Outro dia, passeando pela minha timeline, me deparei com um link que me levou a um blog. Era sobre um filme chamado Meu Amigo Nietzsche. O título me fisgou de imediato. Nietzsche sempre foi um autor que me intrigou, com suas palavras que parecem morder e acariciar ao mesmo tempo. Além disso, histórias sobre meninos e livros possuem aquele quê de promessa, como se nos transportassem para o exato momento em que a leitura desvela mundos inteiros.
Cliquei. Assisti. Não uma, mas duas vezes seguidas. Lucas é um menino cuja história ecoa tantas outras. A escola o vê como um problema, um garoto que vai mal nas provas e precisa, segundo a professora, “ler mais”. Não há método, só a instrução: leia. E Lucas lê. Lê o que encontra pelo caminho: frases desconexas em postes, muros, até embalagens que o cercam. É um olhar que busca algo que ele mesmo não sabe nomear. É no meio de uma dessas buscas, enquanto corre atrás de uma pipa com outros garotos, que o acaso, ou talvez algo do inconsciente, o leva a um lixão.
A cena que se segue parece um prenúncio. Ao som de Assim Falou Zaratustra de Richard Strauss, Lucas encontra um livro. Sujo, esquecido, abandonado, mas poderoso. Assim Falou Zaratustra. Ele tenta decifrar as letras que formam o nome Nietzsche. É um primeiro encontro silencioso, mas arrebatador. Ele não sabe, ainda, que aquele livro irá virar sua vida do avesso.

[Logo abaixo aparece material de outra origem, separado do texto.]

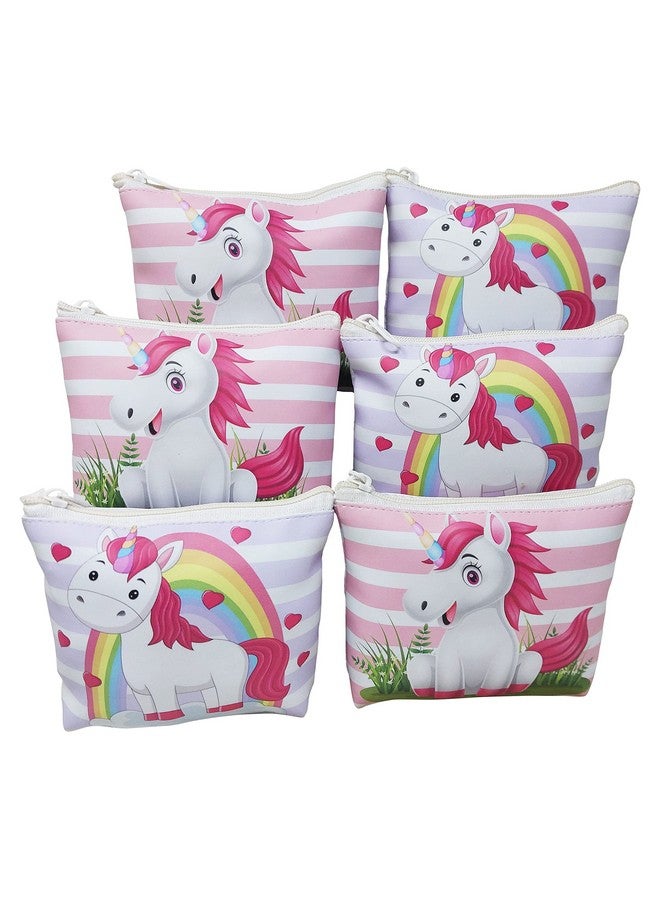PARTEET Canvas Unicorn Print Soft Silicon Small Pouch Return Gift For Kids (Pack Of 6 Pcs) - Multicolor - Image 1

Quando chega em casa, já com o livro em mãos, Lucas encara o mistério que segurava. Para sua mãe, era algo "estrangeiro". Mas para ele, era um portal que prometia respostas. Ou mais perguntas. No dia seguinte, Lucas sai perguntando, inquieto, sobre o que aquelas letras poderiam significar. A moça do supermercado não sabe responder, e o garoto, desanimado, abandona o livro numa carroça. E é aí que o acaso entra novamente. O catador devolve o livro a Lucas, dizendo que, se ele não entender as palavras, que “siga pelo mundo perguntando pra toda gente”.

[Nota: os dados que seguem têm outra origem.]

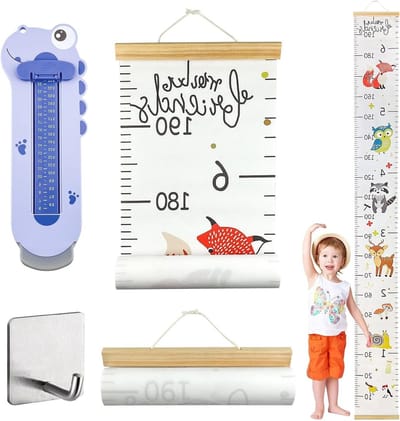 Meetinstrument voor Kinderen - Voet- en Lichaamslengte Meting Set 20 x 200 cm met Haak voor Jongens en Meisjes, Ideaal voor Groei en Schoenmaat Bepaling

Essa frase, simples, é o estopim. É como se algo dentro dele despertasse para a ideia de que o saber, mesmo fragmentado, pode ser um caminho, uma chance, uma transformação. Lucas começa a ler. Não sem dificuldades, mas com o desejo reaceso. As palavras começam a se desdobrar para ele, lentamente, com a força de quem aprende a enxergar pela primeira vez. E, nesse movimento, ele se transforma.
O filme traz muitas reflexões, mas, para mim, é impossível não pensar no papel da educação, especialmente em contextos onde ela é negligenciada ou temida. A leitura, nesse caso, surge como um encontro improvável entre um menino e um filósofo, no meio do lixo. Esse choque de mundos é uma metáfora potente: o saber é revolucionário porque pode surgir de onde menos se espera, subvertendo ordens e abrindo brechas para novos futuros.

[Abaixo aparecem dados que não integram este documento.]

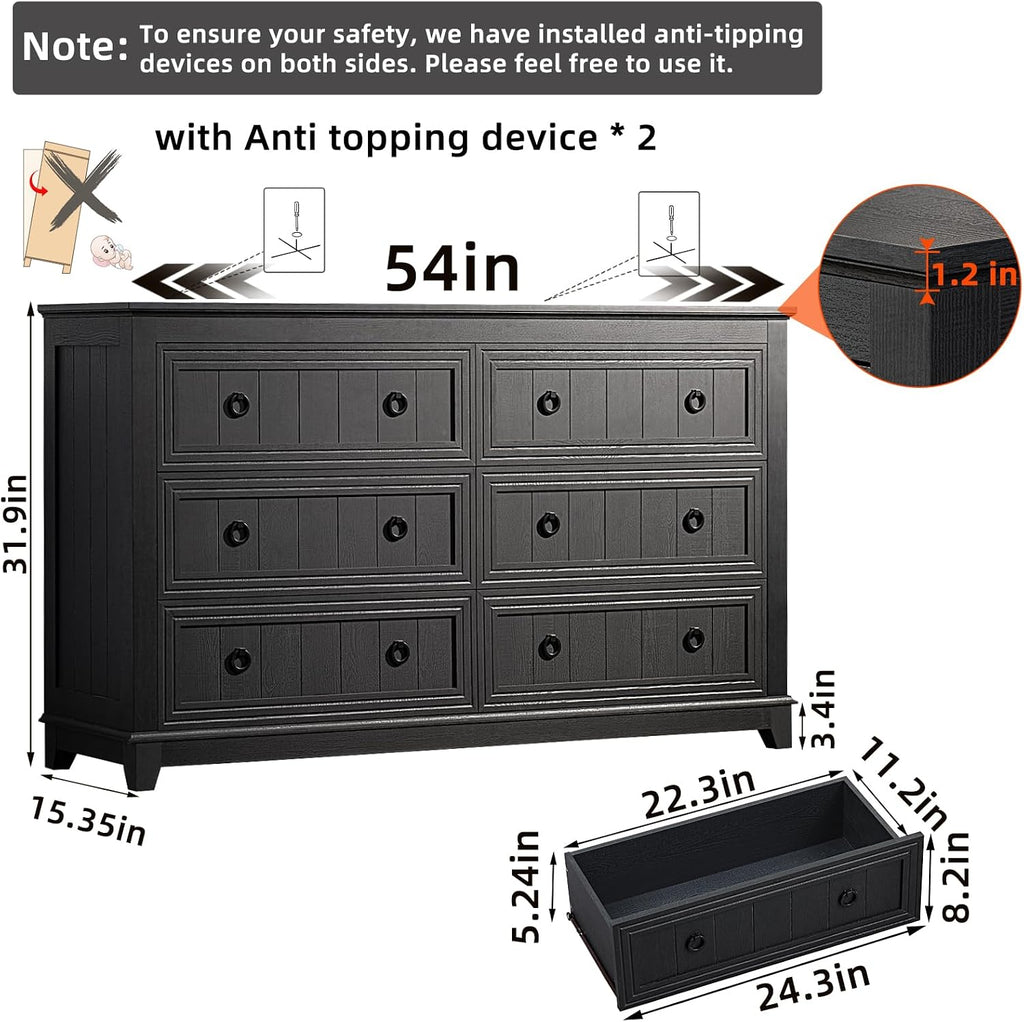 Joaxswe Farmhouse Furniture Set, Nightstands Set of 2 and 6 Drawers Dresser for Bedroom, 54 Inch Wide Wood Dresser and 18' Night Stands with Charging Station for Bedroom, Living Room, Hallway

Há algo de profundamente psicanalítico em Lucas. Sua jornada com o livro não é só uma busca de respostas, mas um atravessamento. Ele é marcado por esse encontro, e, como a psicanálise ensina, o que marca nunca passa sem deixar rastros. Nietzsche, com suas ideias sobre o super-homem, o eterno retorno, parece fazer eco no vazio simbólico ao redor do menino. É um chamado para algo além, para uma subjetividade que ele ainda está aprendendo a habitar.
Se ainda não assistiu, vale a pena. É uma história breve, mas que reverbera. Um lembrete de que, às vezes, o conhecimento aparece como uma pedra no caminho: tropeçamos nele e nunca mais caminhamos do mesmo jeito.